Short descriptive text snippets
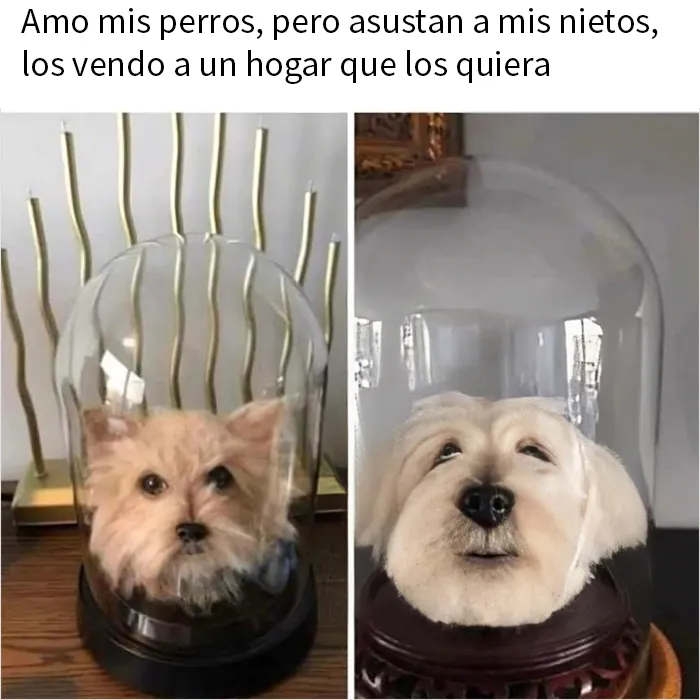 20 Personas mayores metiendo la pata con las redes sociales (nuevas imágenes)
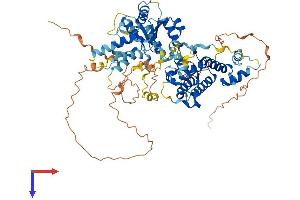 AlphaFold protein structure predicition of Human Recombinant RAD17 Protein, UniprotID O75943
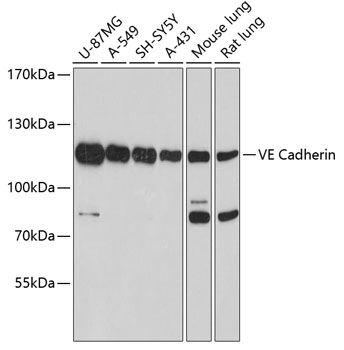 Anti-VE Cadherin Antibody (CAB0734)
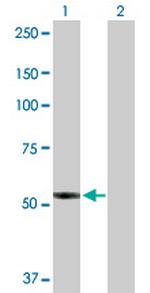 PTGIS Polyclonal Antibody, MaxPab™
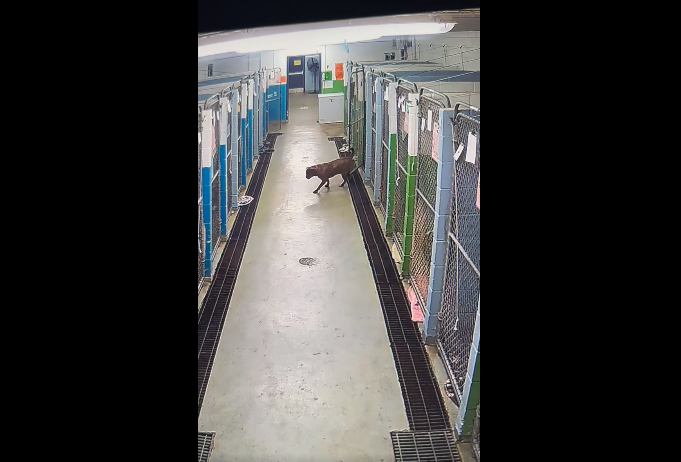Adorable jailbreak at Niagara Falls shelter caught on viral video hoping more chances for Bugsy’s adoption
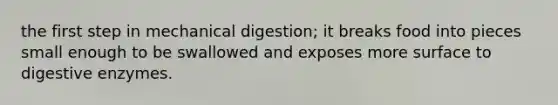 the first step in mechanical digestion; it breaks food into pieces small enough to be swallowed and exposes more surface to digestive enzymes.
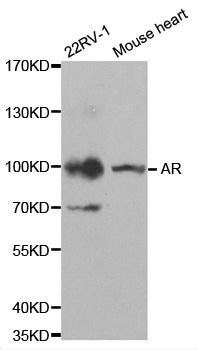 AR antibody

- **Work item**:
An exact, picture-free copy of the entries is required.

- **Output for this task**:
 20 Personas mayores metiendo la pata con las redes sociales (nuevas imágenes)
 AlphaFold protein structure predicition of Human Recombinant RAD17 Protein, UniprotID O75943
 Anti-VE Cadherin Antibody (CAB0734)
 PTGIS Polyclonal Antibody, MaxPab™
Adorable jailbreak at Niagara Falls shelter caught on viral video hoping more chances for Bugsy’s adoption
 the first step in mechanical digestion; it breaks food into pieces small enough to be swallowed and exposes more surface to digestive enzymes.
 AR antibody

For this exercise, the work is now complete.